Music evokes emotions beyond explanation. However, far more difficult to find are albums that contain songs both emotionally powerful yet artfully innovative at the same time. The Colour In Anything by James Blake is one of these, stirring your soul with a mix of R&B, gospel, electronica, art music, and pop.
James Blake has always gone beyond what is expected of a pop or R&B artist. His haunting, smooth, baritone voice combined with pre-recorded effects, synthesizers, and altered timbres have become a part of his iconic sound.
However, the sound we have come to know and love from Blake has evolved significantly since his breakout 2013 album, Overgrown. While many of the pre-recorded sounds, altered timbres, and synthesizers can be heard on The Colour of Anything, it does not have the modernistic, progressive R&B vibe of Overgrown. Instead, Blake’s music showcases how pop can be just as innovative as rock music—even classical.
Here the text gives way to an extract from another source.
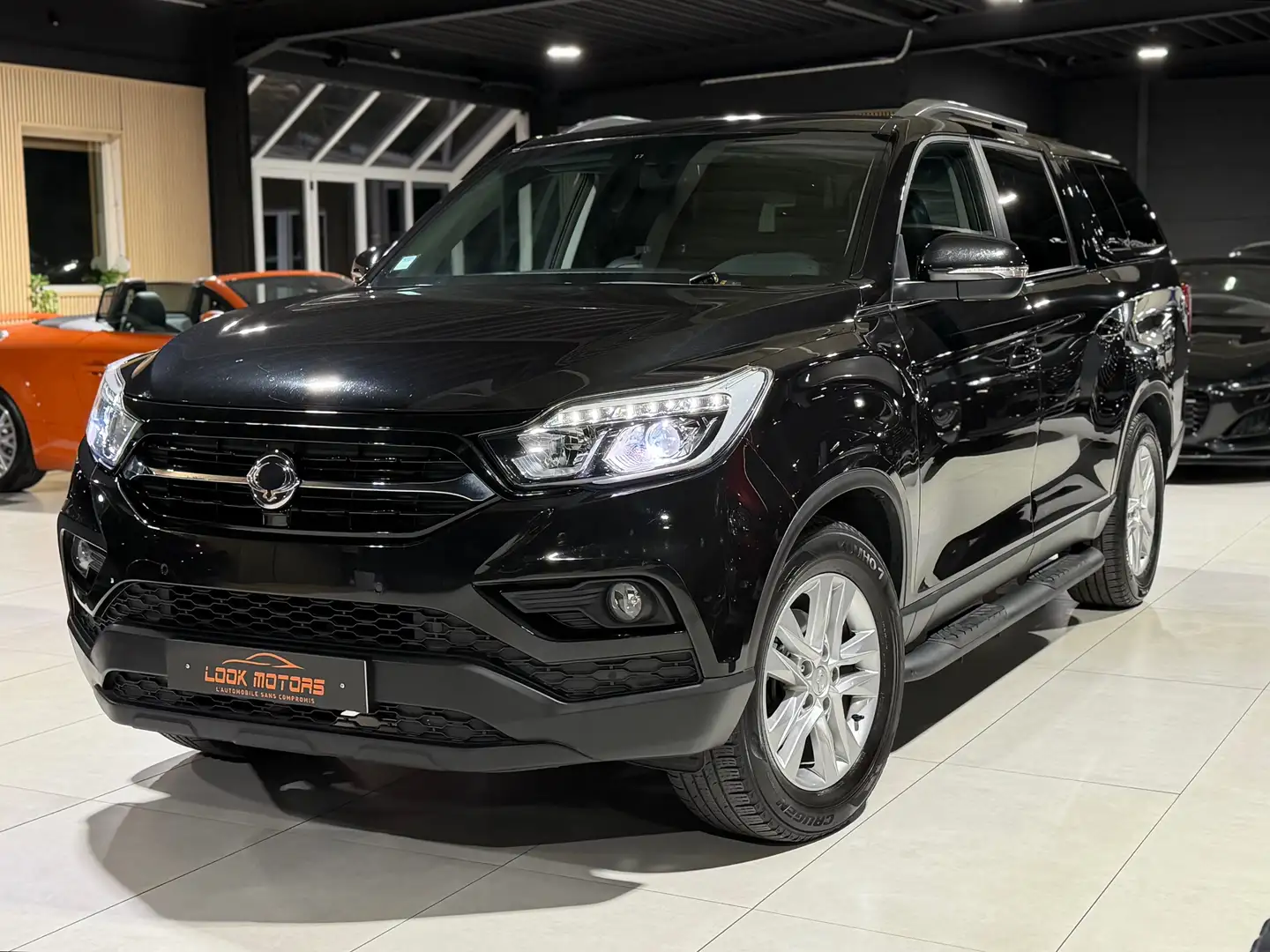 SsangYong Musso 2.2 Turbo e-Xdi 4WD AUTOMATIQUE 181CV CUIR NAVIGATION CAMERA XENON HARDTOP TVAC Schwarz - 1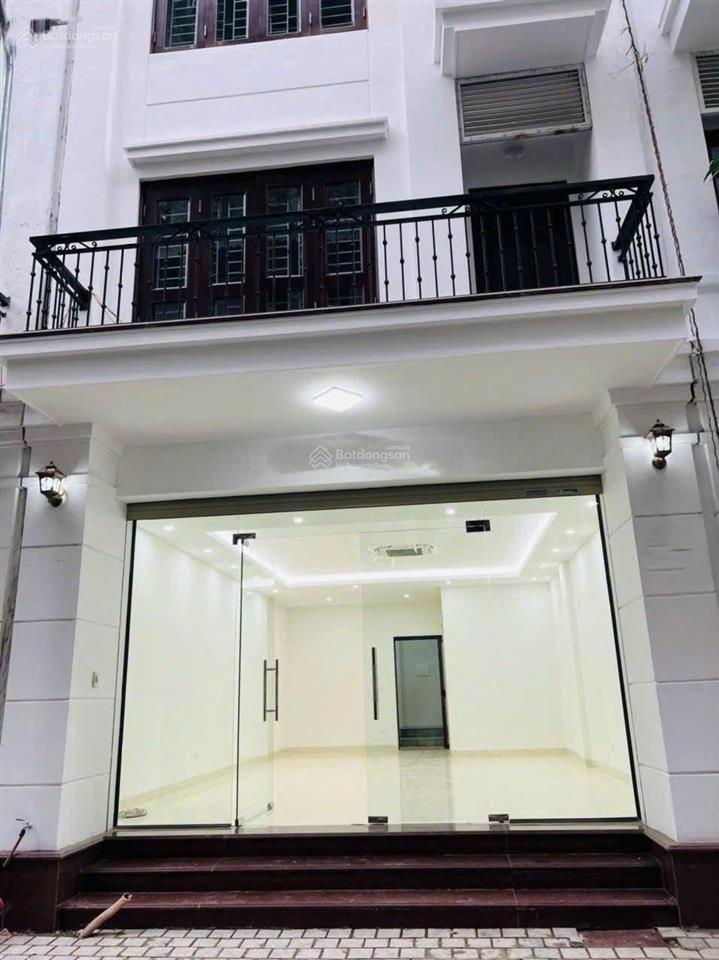 Cho thuê nhà riêng vũ phạm hàm trung hòa dt 75m² x 6 tầng, nở hậu, thông sàn, ô tô đỗ. giá 29tr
Two tracks on The Colour In Anything that exemplify this are “Love Me In Whatever Way,” and “I Need a Forest Fire” (featuring Bon Iver). The first begins with a moody, minor piano line that is slightly reminiscent of a Beethoven sonata or a Chopin nocturne, paired with electronically altered, falsetto humming performed by Blake. Soon, Blake begins to sing a melody that mixes gospel and R&B seamlessly, as does the instrumentation, particularly in interplay between the bass and piano. As the song progresses, snippets of pre-recorded singing by Blake, people talking, the wind, and record scratching are inserted throughout.
“I Need A Forest Fire” starts with a traditional pipe organ, playing a riff reminiscent of 19th-century hymns and of classical organ. A few beats later, a repetitive, pre-recorded vocal underlay rises in accompaniment. Syncopated percussive elements and a steady, strong, deep bass line emphasize the R&B sound further.
James Blake has always gone beyond what is expected of a pop or R&B artist.
The album’s titular song also takes Blake’s sound to new places. Thanks to the Romantic-sounding piano accompaniment and the steady rhythmic melody, “The Colour In Anything” sounds more like an R&B interpretation of a 19th-century of a song for voice by Schumann or Schubert rather than a pop song.
As in Overgrown, The Colour In Anything features strong electronica overtones, with at least some sort of repeated, pre-recorded sounds, electronically altered voices, on every track. These electronica overtones, combined with Blake’s R&B, gospel and pop influences, demonstrate how electronica can be about more than just sounds and effects, but unique— and dare I say, “colourful”—music. This is the electronica revelation that Blake brings to us in The Colour In Anything.